• [YOUR ASSIGNMENT]: Output range, inclusive: from the line containing "Nike Men's Solid" to the line containing "Volkswagen Tiguan SUV, Diesel, 2018, Grey". Restate those lines from the data below word for word and only those.

Items from a dataset
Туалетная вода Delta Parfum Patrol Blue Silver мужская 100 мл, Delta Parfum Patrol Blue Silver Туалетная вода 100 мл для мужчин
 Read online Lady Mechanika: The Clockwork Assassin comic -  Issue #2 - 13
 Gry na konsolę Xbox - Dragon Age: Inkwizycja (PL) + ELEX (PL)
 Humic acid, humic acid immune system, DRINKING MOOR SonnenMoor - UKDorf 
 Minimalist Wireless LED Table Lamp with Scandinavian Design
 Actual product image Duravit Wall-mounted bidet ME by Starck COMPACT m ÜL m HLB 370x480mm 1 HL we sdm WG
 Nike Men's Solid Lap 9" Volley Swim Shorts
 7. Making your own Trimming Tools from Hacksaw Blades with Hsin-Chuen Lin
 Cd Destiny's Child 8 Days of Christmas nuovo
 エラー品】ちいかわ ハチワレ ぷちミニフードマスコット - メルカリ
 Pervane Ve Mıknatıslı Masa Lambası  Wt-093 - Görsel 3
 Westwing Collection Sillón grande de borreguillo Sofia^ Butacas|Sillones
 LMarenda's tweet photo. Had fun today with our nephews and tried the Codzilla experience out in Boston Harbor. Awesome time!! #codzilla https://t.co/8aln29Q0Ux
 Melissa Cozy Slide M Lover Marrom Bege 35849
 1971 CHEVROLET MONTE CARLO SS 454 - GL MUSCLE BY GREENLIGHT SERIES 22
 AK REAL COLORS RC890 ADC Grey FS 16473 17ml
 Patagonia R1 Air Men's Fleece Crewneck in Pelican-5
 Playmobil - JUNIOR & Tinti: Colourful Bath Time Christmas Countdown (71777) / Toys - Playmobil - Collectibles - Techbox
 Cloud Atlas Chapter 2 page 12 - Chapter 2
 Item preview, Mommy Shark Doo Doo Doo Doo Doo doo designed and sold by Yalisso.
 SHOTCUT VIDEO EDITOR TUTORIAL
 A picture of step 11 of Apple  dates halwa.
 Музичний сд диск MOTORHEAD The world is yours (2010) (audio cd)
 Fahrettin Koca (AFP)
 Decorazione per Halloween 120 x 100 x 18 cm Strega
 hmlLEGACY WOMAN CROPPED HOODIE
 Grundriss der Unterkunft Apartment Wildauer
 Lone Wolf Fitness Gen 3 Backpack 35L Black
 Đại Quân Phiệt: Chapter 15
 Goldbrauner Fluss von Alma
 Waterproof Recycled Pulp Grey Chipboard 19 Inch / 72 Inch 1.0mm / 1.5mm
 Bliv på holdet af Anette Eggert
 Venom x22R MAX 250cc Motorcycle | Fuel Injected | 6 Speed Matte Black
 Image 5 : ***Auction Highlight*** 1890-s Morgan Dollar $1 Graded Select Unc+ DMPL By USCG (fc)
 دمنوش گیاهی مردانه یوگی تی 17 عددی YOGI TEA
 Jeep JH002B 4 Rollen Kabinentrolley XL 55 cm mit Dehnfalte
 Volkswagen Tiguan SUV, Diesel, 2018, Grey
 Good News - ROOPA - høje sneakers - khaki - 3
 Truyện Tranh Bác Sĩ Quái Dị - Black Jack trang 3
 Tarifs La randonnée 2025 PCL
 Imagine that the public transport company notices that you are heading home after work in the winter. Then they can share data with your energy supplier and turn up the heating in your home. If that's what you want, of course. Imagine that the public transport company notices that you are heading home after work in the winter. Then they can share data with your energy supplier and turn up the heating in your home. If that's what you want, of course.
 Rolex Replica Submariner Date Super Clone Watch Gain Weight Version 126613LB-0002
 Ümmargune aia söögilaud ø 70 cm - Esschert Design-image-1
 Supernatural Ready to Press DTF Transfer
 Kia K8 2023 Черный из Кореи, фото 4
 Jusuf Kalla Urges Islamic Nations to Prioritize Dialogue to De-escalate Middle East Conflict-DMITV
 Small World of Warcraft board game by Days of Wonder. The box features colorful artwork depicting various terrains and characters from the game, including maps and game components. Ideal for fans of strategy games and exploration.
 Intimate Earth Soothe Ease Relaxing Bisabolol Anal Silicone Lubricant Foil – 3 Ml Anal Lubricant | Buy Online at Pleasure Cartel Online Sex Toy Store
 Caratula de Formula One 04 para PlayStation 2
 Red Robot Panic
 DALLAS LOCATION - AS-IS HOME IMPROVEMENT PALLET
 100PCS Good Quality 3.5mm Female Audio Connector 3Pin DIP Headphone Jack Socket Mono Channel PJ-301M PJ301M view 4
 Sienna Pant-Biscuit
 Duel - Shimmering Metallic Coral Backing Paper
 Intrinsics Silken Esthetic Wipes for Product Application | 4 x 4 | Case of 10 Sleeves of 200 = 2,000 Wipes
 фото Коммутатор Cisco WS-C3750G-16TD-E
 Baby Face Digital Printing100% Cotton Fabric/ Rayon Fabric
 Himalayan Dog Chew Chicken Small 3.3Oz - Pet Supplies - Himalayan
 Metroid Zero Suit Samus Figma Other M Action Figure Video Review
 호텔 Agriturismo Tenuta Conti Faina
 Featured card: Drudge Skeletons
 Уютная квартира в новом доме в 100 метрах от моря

• [TASK OUTPUT]:
 Nike Men's Solid Lap 9" Volley Swim Shorts
 7. Making your own Trimming Tools from Hacksaw Blades with Hsin-Chuen Lin
 Cd Destiny's Child 8 Days of Christmas nuovo
 エラー品】ちいかわ ハチワレ ぷちミニフードマスコット - メルカリ
 Pervane Ve Mıknatıslı Masa Lambası  Wt-093 - Görsel 3
 Westwing Collection Sillón grande de borreguillo Sofia^ Butacas|Sillones
 LMarenda's tweet photo. Had fun today with our nephews and tried the Codzilla experience out in Boston Harbor. Awesome time!! #codzilla https://t.co/8aln29Q0Ux
 Melissa Cozy Slide M Lover Marrom Bege 35849
 1971 CHEVROLET MONTE CARLO SS 454 - GL MUSCLE BY GREENLIGHT SERIES 22
 AK REAL COLORS RC890 ADC Grey FS 16473 17ml
 Patagonia R1 Air Men's Fleece Crewneck in Pelican-5
 Playmobil - JUNIOR & Tinti: Colourful Bath Time Christmas Countdown (71777) / Toys - Playmobil - Collectibles - Techbox
 Cloud Atlas Chapter 2 page 12 - Chapter 2
 Item preview, Mommy Shark Doo Doo Doo Doo Doo doo designed and sold by Yalisso.
 SHOTCUT VIDEO EDITOR TUTORIAL
 A picture of step 11 of Apple  dates halwa.
 Музичний сд диск MOTORHEAD The world is yours (2010) (audio cd)
 Fahrettin Koca (AFP)
 Decorazione per Halloween 120 x 100 x 18 cm Strega
 hmlLEGACY WOMAN CROPPED HOODIE
 Grundriss der Unterkunft Apartment Wildauer
 Lone Wolf Fitness Gen 3 Backpack 35L Black
 Đại Quân Phiệt: Chapter 15
 Goldbrauner Fluss von Alma
 Waterproof Recycled Pulp Grey Chipboard 19 Inch / 72 Inch 1.0mm / 1.5mm
 Bliv på holdet af Anette Eggert
 Venom x22R MAX 250cc Motorcycle | Fuel Injected | 6 Speed Matte Black
 Image 5 : ***Auction Highlight*** 1890-s Morgan Dollar $1 Graded Select Unc+ DMPL By USCG (fc)
 دمنوش گیاهی مردانه یوگی تی 17 عددی YOGI TEA
 Jeep JH002B 4 Rollen Kabinentrolley XL 55 cm mit Dehnfalte
 Volkswagen Tiguan SUV, Diesel, 2018, Grey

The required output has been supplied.